C’è infine la principale incognita. Come reagiranno tutti coloro che non sono presenti al vertice di oggi in Egitto? Che cosa si potrà fare con i tanti palestinesi, militanti o meno di Hamas, cresciuti fin da bambini odiando Israele con tutte le loro forze? Sarà possibile offrire loro una alternativa di vita? E che cosa accadrà nelle piazze arabe nei prossimi mesi e anni? I regimi sunniti non sono democrazie e ciò che decidono i loro capi non coincidono necessariamente con gli orientamenti delle persone a quei regimi assoggettati. La pacificazione nei rapporti fra Israele e i Paesi sunniti è decisa dai governi ma è noto che i sentimenti diffusi nel mondo arabo non sono al momento in sintonia con quelle decisioni.

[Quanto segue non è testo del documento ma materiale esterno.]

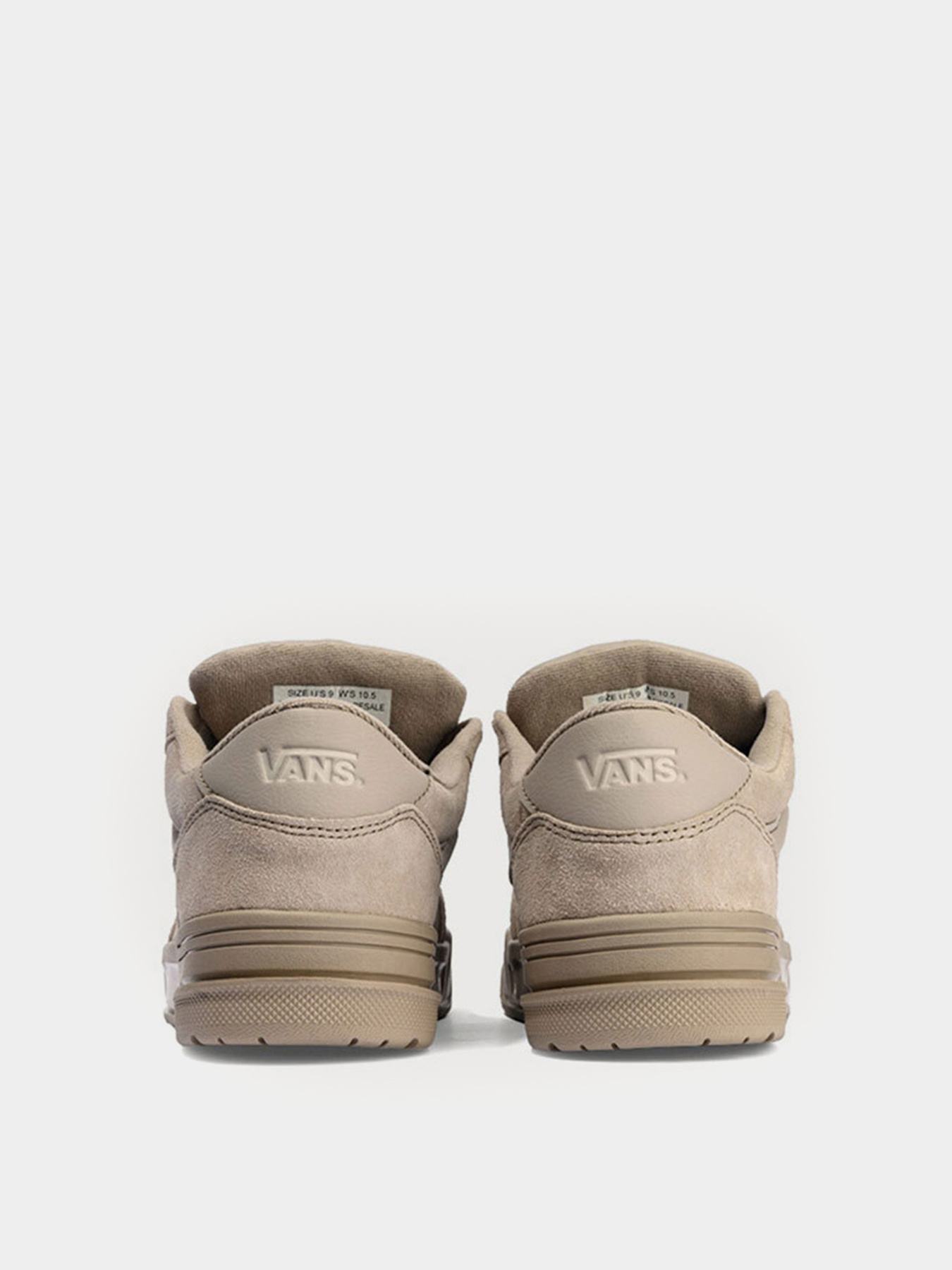 Low-Top Sneakers Unisex Vans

Quali conseguenze ne discenderanno per quei regimi nei prossimi mesi ed anni?
Da ultimo, va fatta una osservazione su Israele. C’è chi dà ormai per definitiva la spaccatura fra un Israele laico , desideroso di pace, e un Israele ultra-religioso di tutt’altro orientamento. Ma in politica non c’è nulla di definitivo. Se il senso di sicurezza degli israeliani crescerà, questo non dovrebbe avere conseguenze anche sugli atteggiamenti degli elettori israeliani?
Luci e ombre insomma. Le luci vanno guardate con speranza. Le ombre invitano alla cautela e alla prudenza.